Un homme très surveillé

« À l’époque, il a soutenu l’option que préférait Salou Djibo, à savoir essayer de favoriser l’arrivée au pouvoir d’un parti qui ne serait pas le MNSD », explique un acteur de la transition. Après son élection lors de la présidentielle de 2011, le fondateur du Parti nigérien pour la démocratie et le socialisme (PNDS), Mahamadou Issoufou, le garde auprès de lui et en fait l’un de ses conseillers spéciaux, avec rang de ministre.

Selon certaines indiscrétions, l’homme restait cependant particulièrement surveillé par les services de renseignement. Le soupçonnait-on d’une trop grande proximité avec Hama Amadou, l’adversaire numéro un d’Issoufou ? Certaines sources en sont persuadées, et y voient d’ailleurs la raison de sa nomination à l’étranger, en 2017, comme ambassadeur au Tchad.

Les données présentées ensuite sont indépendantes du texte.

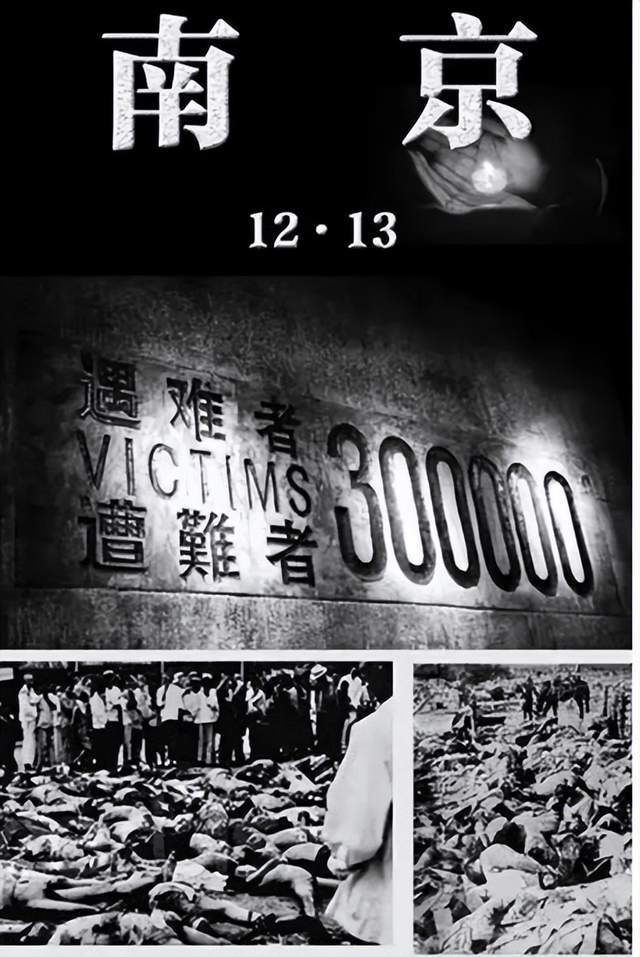 庭审记录曝光！日本战犯松井石根竟称：侵华是哥哥忍不住教育羸弱的小弟，是为了让中国觉醒，爱之深，责之切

Sous la discrète surveillance des services de renseignement, l’ancien commissaire avait surtout, depuis, gardé contact avec Salou Djibo. Or ce dernier s’est présenté à l’élection présidentielle de 2020 face à Mohamed Bazoum, tandis qu’Ousmane Cissé soutenait discrètement son initiative afin de favoriser une alternance après deux mandats dominés par le PNDS. La justice nigérienne doit désormais se pencher sur le rôle présumé de « Loulou », son surnom, dans les deux tentatives de renversement du pouvoir, en mars 2021 et 2022.